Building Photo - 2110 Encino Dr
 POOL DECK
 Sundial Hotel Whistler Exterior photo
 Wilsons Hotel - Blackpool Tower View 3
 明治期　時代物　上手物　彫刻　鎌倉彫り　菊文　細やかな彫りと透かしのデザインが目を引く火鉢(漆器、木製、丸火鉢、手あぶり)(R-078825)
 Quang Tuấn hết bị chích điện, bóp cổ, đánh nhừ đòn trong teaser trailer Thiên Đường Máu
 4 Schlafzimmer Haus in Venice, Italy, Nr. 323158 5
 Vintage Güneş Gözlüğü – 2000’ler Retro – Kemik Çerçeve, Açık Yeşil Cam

=-=-=-=-=

Task description: Having read the records above, print them out again exactly.

Output:
Building Photo - 2110 Encino Dr
 POOL DECK
 Sundial Hotel Whistler Exterior photo
 Wilsons Hotel - Blackpool Tower View 3
 明治期　時代物　上手物　彫刻　鎌倉彫り　菊文　細やかな彫りと透かしのデザインが目を引く火鉢(漆器、木製、丸火鉢、手あぶり)(R-078825)
 Quang Tuấn hết bị chích điện, bóp cổ, đánh nhừ đòn trong teaser trailer Thiên Đường Máu
 4 Schlafzimmer Haus in Venice, Italy, Nr. 323158 5
 Vintage Güneş Gözlüğü – 2000’ler Retro – Kemik Çerçeve, Açık Yeşil Cam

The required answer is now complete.